In 2004, U2 became one of the first rock bands ever to launch a new record via TV commercial as their then-new single “Vertigo” also introduced the iPod “U2 Special Edition.” In recent days, the band and Apple have taken their relationship to another level, joining forces to provide free, automatic downloads of U2’s long-time-coming Songs of Innocence LP to iTunes subscribers. And, reporter Catherine Mayer/Cupertino writes in the September 29th issue of Time, there is a method to this seeming madness.

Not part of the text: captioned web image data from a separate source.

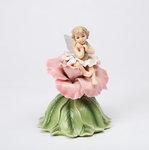 Fairy with Rose Porcelain Music Box #80059 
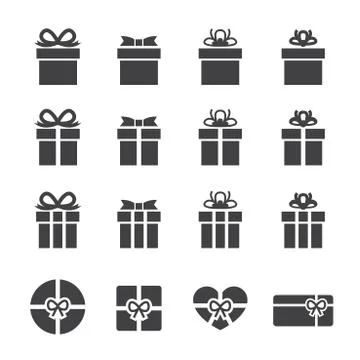 Gift box icon Stock Illustration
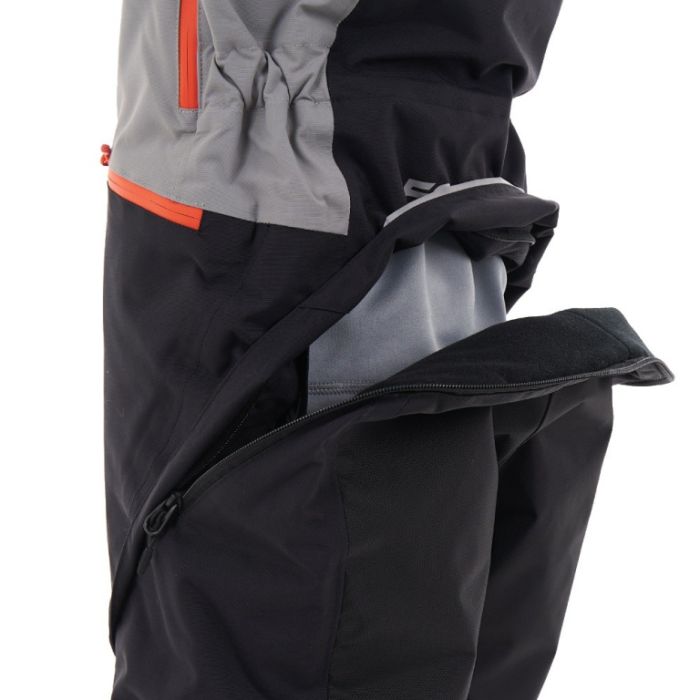 Зимний утепленный комбинезон Dragonfly GRAVITY for Teen Black - Grey 2024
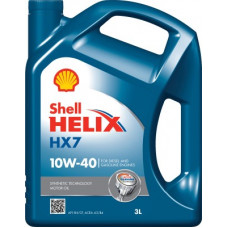 Deals, Discounts & Offers on  - [Pre-Book] Shell Helix HX7 HX7 10W-40 API SN Synthetic Blend Engine Oil(3 L, Pack of 1)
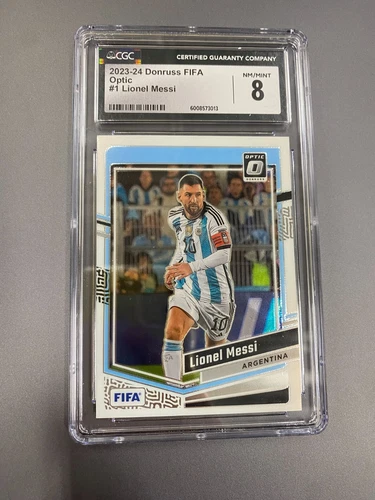 LIONEL MESSI 2023-24 DONRUSS #1 OPTIC CGC 8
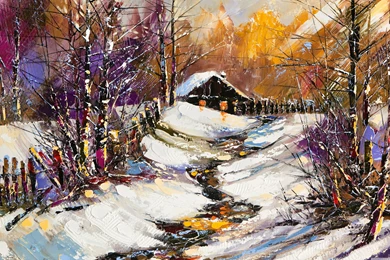 Oil Painting HD Desktop Wallpapers : High Definition : Fullscreen ...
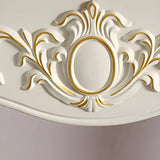 Ornate Wooden White Scratch Resistant Console Table Image - 13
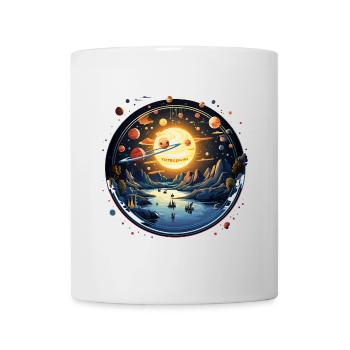 L’Odyssée Planétaire - Mug blanc - blanc - Devant
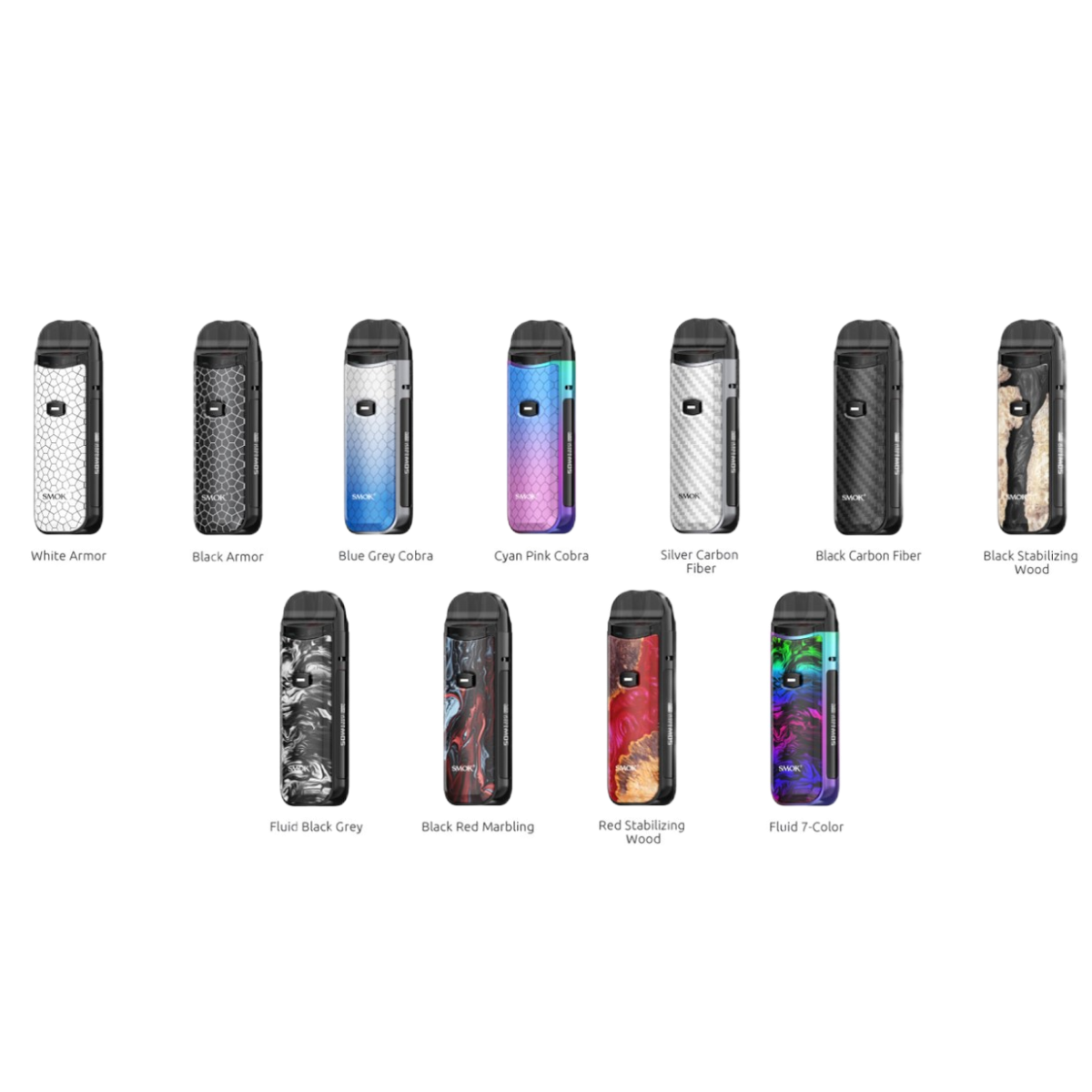NORD 50W Pod Kit 1800mAh Red Stabilizing Wood SMOK-098J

Of course, U2 is far from original in giving their music away. Prince, Radiohead and others have already tread that once hallowed ground. Yet, no one has ever taken this approach so grandly and boldly with more money paid in advance and more potential future rewards hanging in the balance. Consider the following: In 2013, music industry revenue continued its 13-year slide to its lowest levels since 1985, a time where newly minted CDs began nudging vinyl records for supremacy. And, in an era and to a generation where “free” music is the expectation (via pirating, YouTube, etc.) thia alarming sales trend is only expected to continue. Simultaneously, concert revenue is rising; and the numbers are staggering. In fact, U2 stands at the top of the list of the highest-grossing concert tours of all time: $772 million over 110 shows for 2009-11, with an elbow-to-elbow 66,110 attending each concert.
No one is confirming how much Apple is paying U2 for this and future collaborations but it is rumored that the digital giant pledged more than $100 million to market Songs alone. Why does it make sense? For U2 (or any band today) music drives concert ticket sales. For U2 and Apple, the promotion of the first single “Miracle” has caused a major spike in the band’s 30-year catalogue, with music from days past leading download sales charts across the world. An acoustic version of Songs of Innocence is also coming soon while a companion album, Songs of Experience, is also in the works.

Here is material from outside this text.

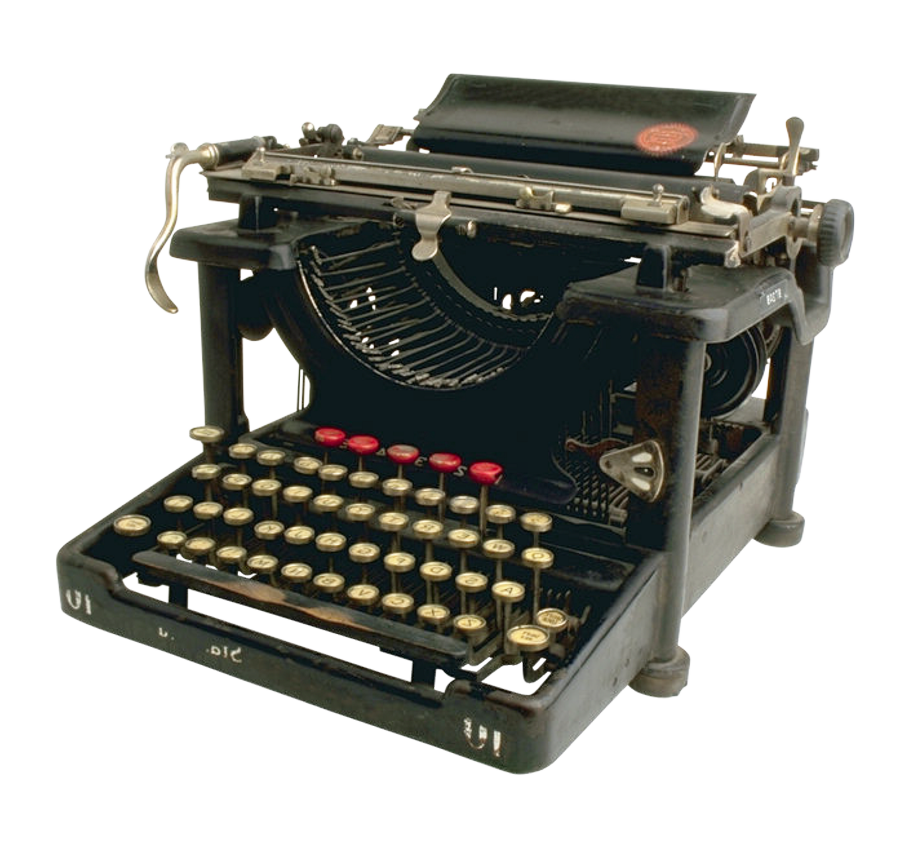 Antique Typewriter PNG Free Photo Transparent PNG Image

But, perhaps most interesting are reported plans for U2 and Apple to create, as Bono describes it in the Time piece, “an audiovisual interactive format for music that can’t be pirated and will bring back album artwork in the most powerful way, where you can play with the lyrics and get behind the songs when you’re sitting on the subway with your iPad or on these big flat screens. You can see photography like you’ve never see it before.” Perhaps it will mark a turning point for positioning music once again as a valuable experience rather than entitled commodity. It appears Bono and U2 are headed that way with Apple – hopefully with rather than without you.